# Adding DVI to existing Projection System



## jstroming (Mar 23, 2011)

Hey guys-

So I was tasked to add a DVI send from a a second output on a graphics card (from a Mac Pro, Win7 or similar) to an existing video system that is all composite (source to screen). Instead of downconverting the DVI to composite (which is going to look terrible for the text-based images) I thought it would be better to upconvert the composite feed to DVI via a switcher/scaler, utilizing that same switcher/scaler to select between the 2 inputs for output to the Projection Screens. So here's my playout/hardware tell me if you think this will work.

*DVI Source* & *Composite Source* feed into>
*Kramer VP-729 Scaler/Switcher* outputs HDMI to>
*Kramer VM-4HDCP DVI Distro* outputs DVI to>
*2x Gefen EXT-DVI-CAT5-MS Extreme Extender* outputs via CAT5 100' to receiver, then via short 3' DVI to>
*Projectors*

I can sacrifice a little bit of quality here, let me know if I am way off base with my thought process. Also, I know there is some difference between HDMI & DVI, and I'm using them pretty interchangeably here. Thanks!


----------



## JohnHartman (Mar 23, 2011)

Since you are looking at Kramer, I will stick with them...since you could argue numerous manufacturers who make similar hardware.

The 729 is not spec'd to support a true DVI in according to Kramer but can be adapted. Perhaps you should look at the vp-747 VP-747 - Scalers - Kramer Electronics. Then you can put the 2 cat-5e extenders right on the outputs program and preview if you don't need the preview option. or use the DVI-DA if you want to preview.

I would be concerned about any possible interface issues, DVI and HDMI have the same legacy heritage in terms of signal structure, but then you are depending on having DVI-HDMI cables and hoping the computer is not sensitive to the difference. 

In an overall what you picked out 'should' work but being conservative I would go with the DVI-DVI connection.

and I am always for cables that can be locked in and can't "walk" their way out of the jack.


----------



## museav (Mar 23, 2011)

Theoretically, the video signals on HDMI and single link DVI-D are directly compatible, of course "DVI" could also refer to DVI-A, which is comparable to analog RGBHV, or DVI-I, which handles both digital and analog video signals.

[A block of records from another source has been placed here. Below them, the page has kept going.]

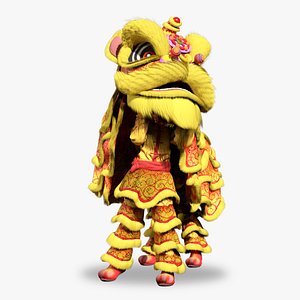 Lion Dance Lunar New Year 3D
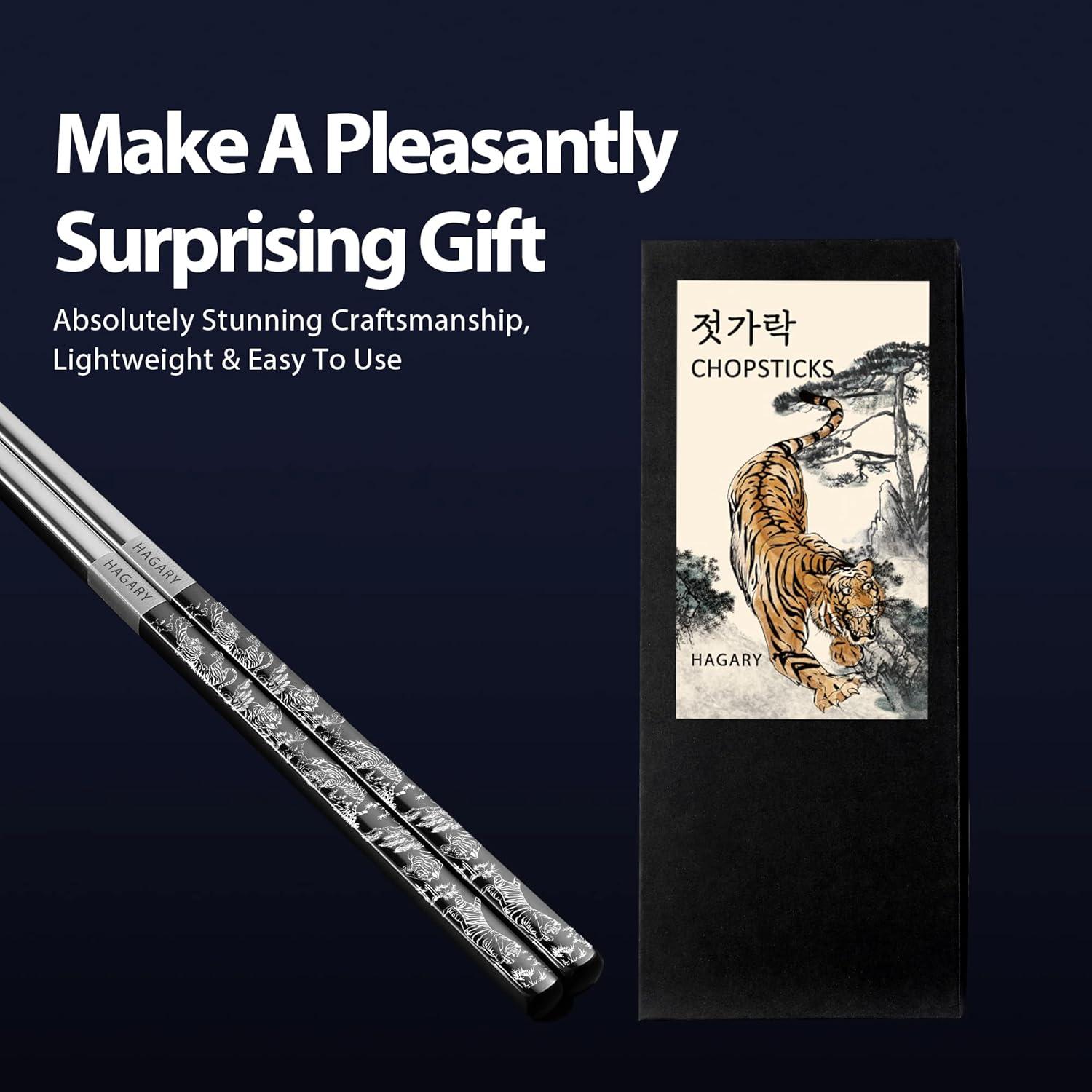 Palillos Metálicos Reutilizables Hagary - 2 Pares Negro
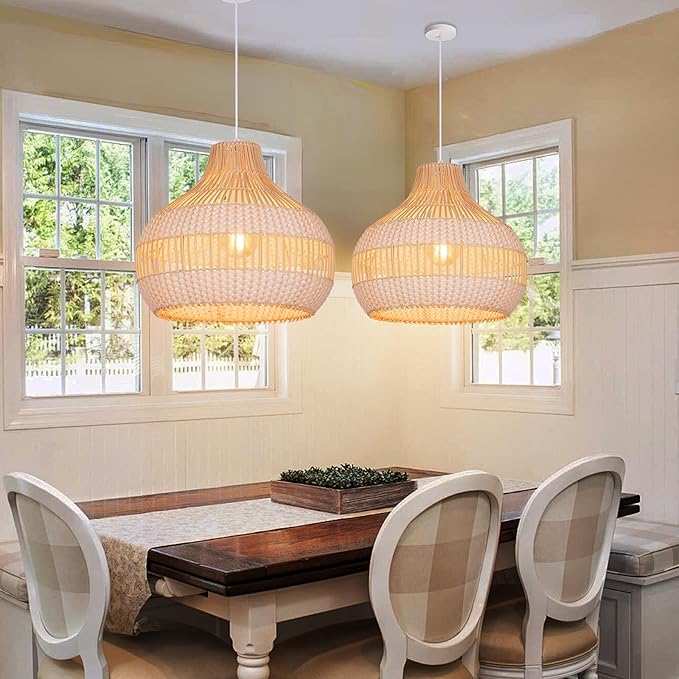 Arturesthome Rattan Chandelier for Kitchen Island,15.72" White Boho Woven Basket Pendant Light,Handmade Wicker Hanging Light for Living Room,Bedroom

I'm not sure that using the VP-747 Preview and Program outputs instead of a DA is necessarily practical as these are two separate buses. The advantage of this is that you could route different inputs to each output, the disadvantages are that routing a source to both outputs would require making separate selection for each output and you would lose the ability to make any transitions between sources other than hard cuts.


----------